An Evolutionary Play
- The stage is set: it is early Spring - the goldenrod plant starts to grow.
- Enter the gall fly. Adult gall flies emerge and lay eggs on the terminal bud of a goldenrod plant.
- The gall fly egg hatches, and the larva burrows into the stem and stimulates the plant to form a ball gall.
- The gall fly larva lives happily in the gall, feeding on the gall tissue and growing.

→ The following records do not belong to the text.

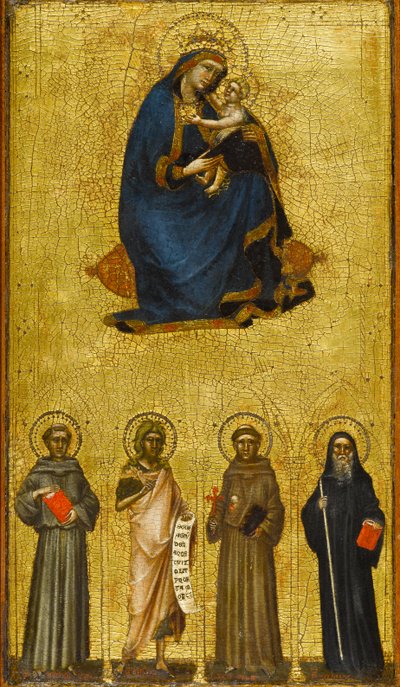 Madonna col Bambino e santi, circa 1360 (tempera e foglia d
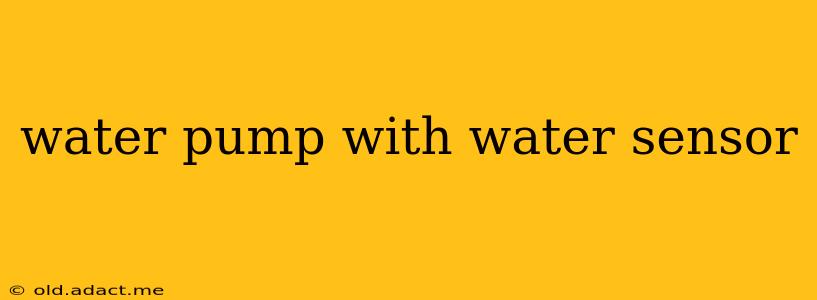 water pump with water sensor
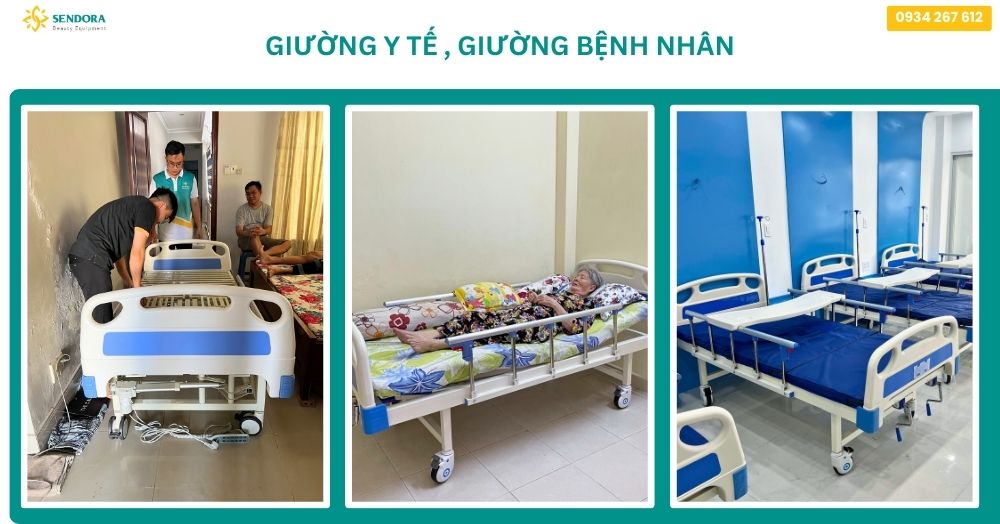 Giường y tế, giường bệnh nhân tại nhà giá tốt tại Hà Nội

- The gall also continues to grow.
- Enter the parasitoid wasps. While the fly larva is still in the bud, E. obtusiventris places
its own egg into the fly egg or larva. The strategy of E. gigantea is different. It locates a developing
gall and inserts an egg into the lumen of the gall.
- In both cases, the wasp larva eventually kills the fly larva.
- Enter the beetles. Throughout the growth of the gall, beetles may insert their eggs just under the surface
of the gall. The beetle eggs hatch.
- Burrowing beetle larvae enter the lumen and kill the fly larva.
- Fly larvae that survive through the Fall overwinter in the gall. They will emerge in the Spring to mate and
The plot thickens:
- The ability of the wasps to deposit their eggs depends on gall size. The wasp
must be able to penetrate the gall wall with its ovipositor if the egg is to be deposited in a location where it
- The size of the gall is an inherited trait of both the plant and the gall fly.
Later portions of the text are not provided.